S'agissant du projet d'un seul et unique homme, VINSTA devrait faire converger toutes les attentions vers le côté autogéré, et, a contrario, toutes les défiances pour les travers trop souvent inhérents à cette formule. Or, Christian HÖLL parvient peu ou prou à déjouer tous les pièges de cette attitude foncièrement autonome. Précisons que Drei Deita constitue d'ores et déjà le troisième album sous cet étendard, faisant suite à Vinsta (2014) et Vinsta Wiads (2017).

Ôtons d'entrée de jeu tout stéréotype quant aux productions solo en matière de Black Metal et assimilé : outre qu'il bénéficie d'un son performant (clair et nerveux), Drei Deita pourrait tout autant être l’œuvre d'un collectif que d'une âme esseulée. En l'occurrence, le chanteur et multi-instrumentiste Christian HOLL semble particulièrement à l'aise avec l'idée de proposer une musique sombre et romantique, dont il assumerait les rôles principaux. Il sera ici question avant tout, chose de mélancolie et de langueur maladive, les vocaux rauques ne valant que comme contrepoints des chœurs mélodiques. Dans un esprit tout à ait analogue, les riffs de guitare se font certes lancinants, au fil de tempos médiums, mais il apparaît très rapidement et très clairement que le but ultime est de toucher du doigt une certaine douleur maladive, arrachant le flambeau de la mélancolie des doigts desséchés depuis l'impulsion initiale remontant au XIXème siècle.
Une mélancolie par moments un peu mièvre, comme sur le titre éponyme et sur Oafocha Loda, qui manquent singulièrement de nerf. Les rythmiques hachées et les accélérations relatives de Raunocht ravivent quelque peu les débats

Les vétérans du Doom des années 90 ne s'y laisseront peut-être pas prendre, quoiqu'ils ne sauraient réfuter la justesse du propos. La génération suivante a de facto le droit de jouir de ce classicisme relevant d'une époque révolue mais activé par un savoir-faire parfaitement actuel. Le son s'avère tranchant, méthodique, offrant des riffs parfaitement découplés, tranchants et glacés. Entre vocaux rauques et d'autres (masculin et féminin) carrément doux d'une part, velléités rythmiques tranchantes et parties paisibles et atmosphériques d'autre part, cet album donne l'impression de flotter comme une brume automnale. Il n'est pas désagréable de se laisser gagner par cette mélancolie, animée par une force colérique (trop) sous-jacente. On pourrait juste souhaiter que l'interprétation se fasse davantage passionnée, moins sage, que ce soit dans le versant délicat ou dans son pendant plus rugueux.
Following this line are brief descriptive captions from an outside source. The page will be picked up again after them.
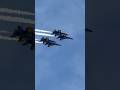 U.S. Navy Blue Angels Diamond formation at the 2026 MCAS Yuma Airshow#blueangels #militaryaviation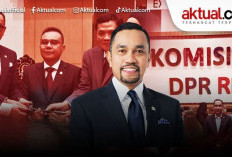 Ahmad Sahroni Resmi Kembali Jadi Wakil Ketua Komisi III DPR RI Usai Sanksi Dicabut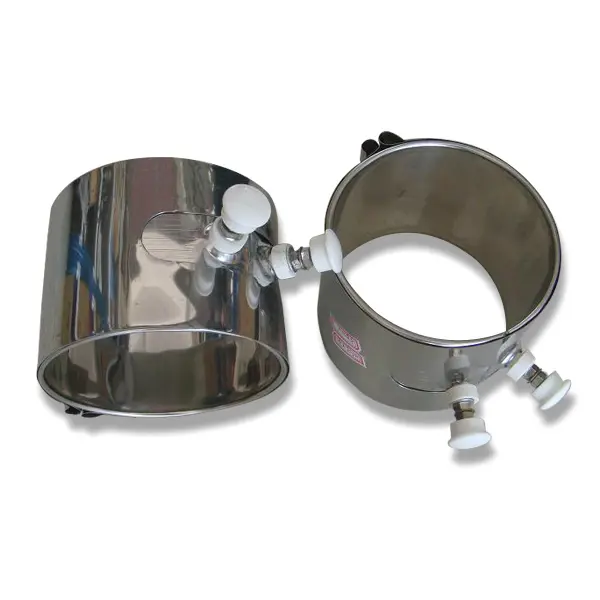 Two-Piece Mica Barrel Heater for Extruders & Tanks (2)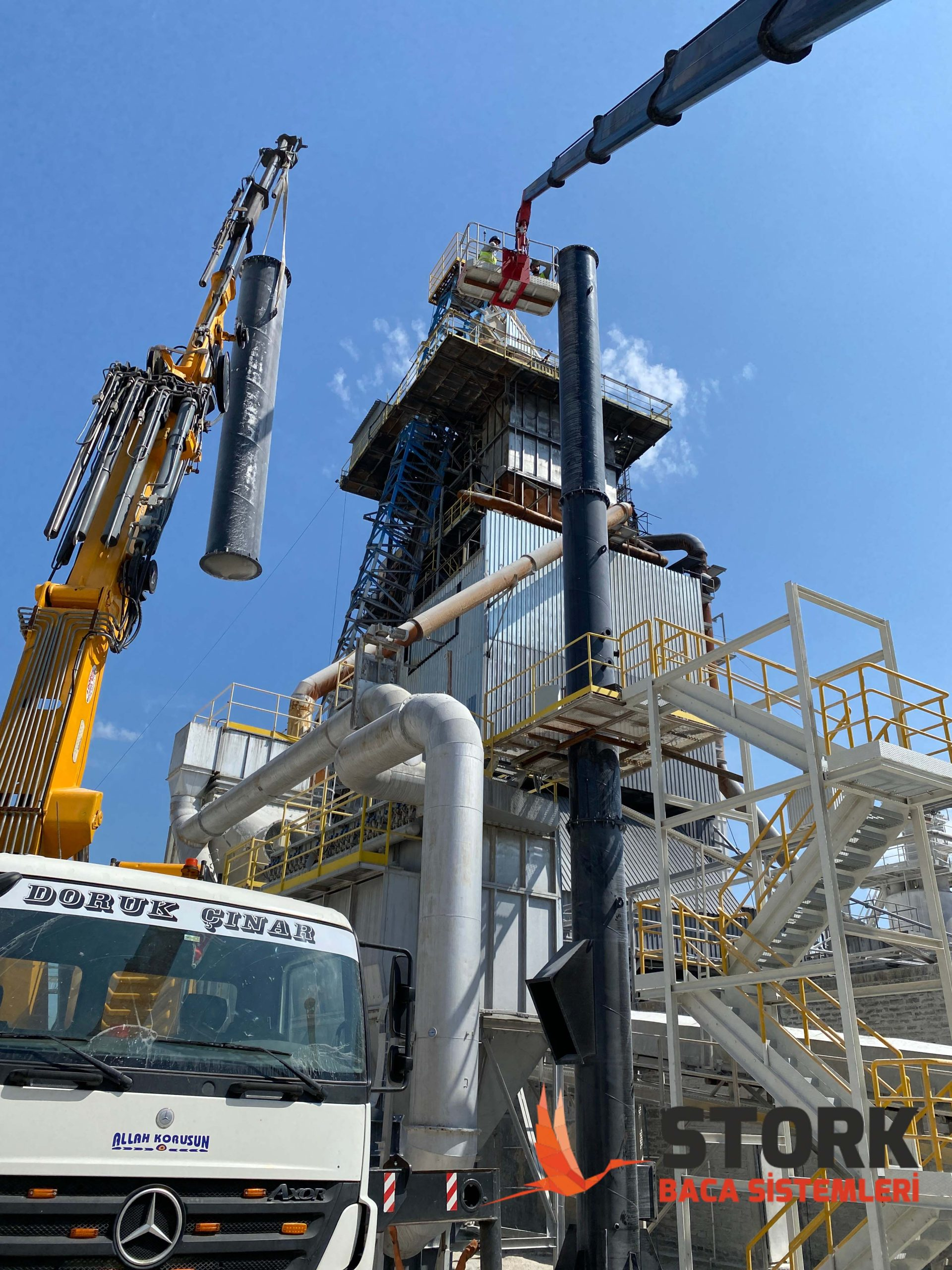 Self-Supporting Chimney Systems (SSS)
Dans le cadre des compositions les plus longues, Christian HÖLL affiche un goût avéré pour les structures changeantes, à tendance progressive. Assurément, Drei Deita est avant tout le fruit de la vision ambitieuse et personnelle de son unique géniteur, visiblement habité par des sentiments poignants et complexes, retranscrits ici.